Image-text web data
=== Section Start ===
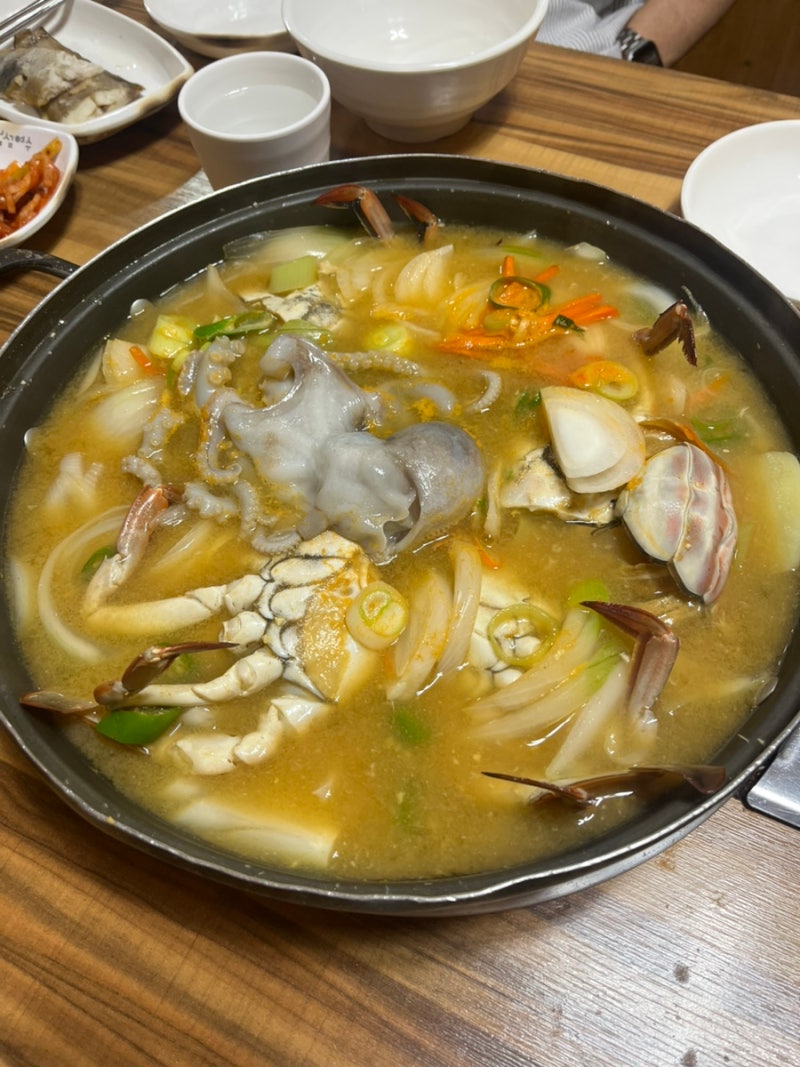여수 현지인 맛집 진미꽃게탕 내돈내산 후기
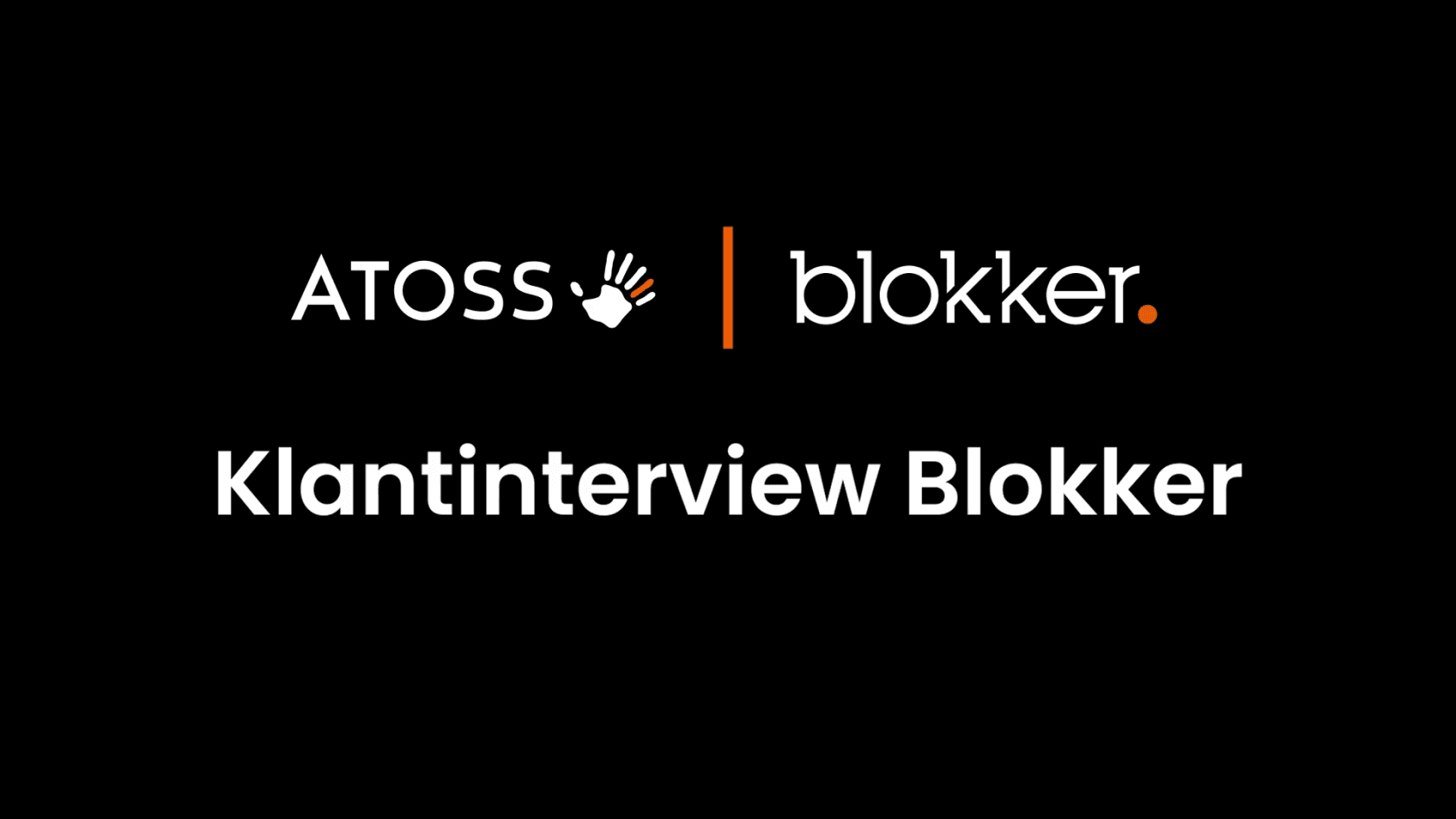 Interview Blokker
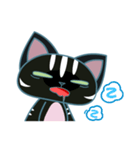 暴れ猫-booli cat（個別スタンプ：23）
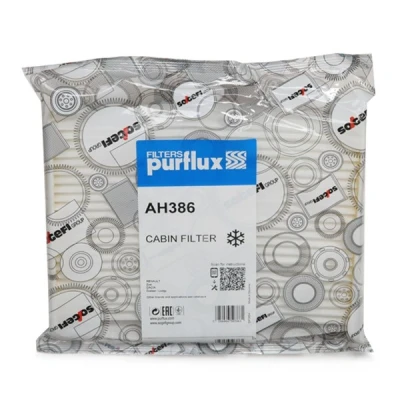 Bilde av PURFLUX AH386 Kupéfilter pollenfilter 250 180 36 NISSAN: X Trail, RENAULT: Zoe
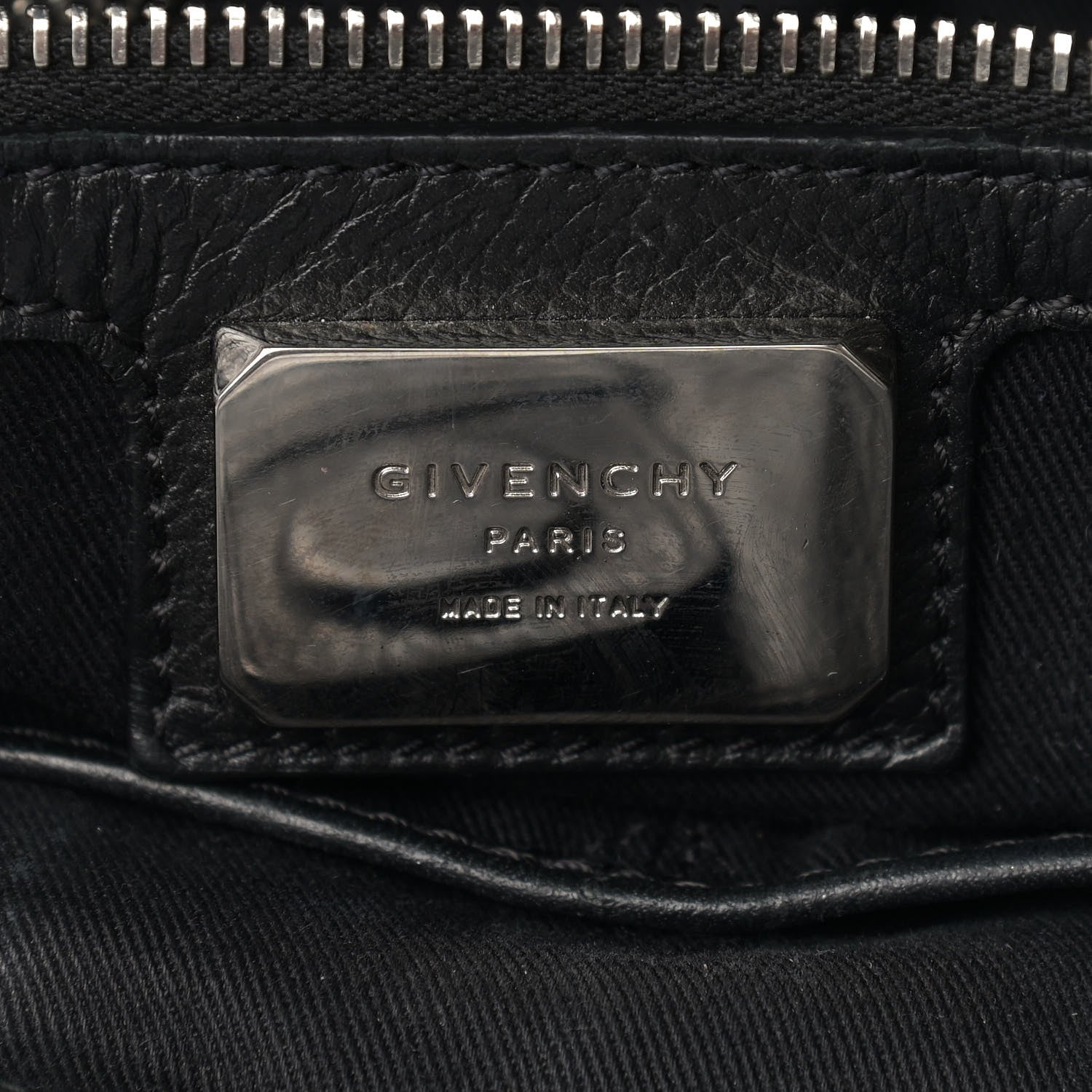 Givenchy Lambskin Nightingale North South Tote Black 10 of 18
=== Section End ===
-- What is expected --
Transcribe all of the records exactly, without reproducing their pictures.

-- Expected output --
여수 현지인 맛집 진미꽃게탕 내돈내산 후기
 Interview Blokker
 暴れ猫-booli cat（個別スタンプ：23）
 Bilde av PURFLUX AH386 Kupéfilter pollenfilter 250 180 36 NISSAN: X Trail, RENAULT: Zoe
 Givenchy Lambskin Nightingale North South Tote Black 10 of 18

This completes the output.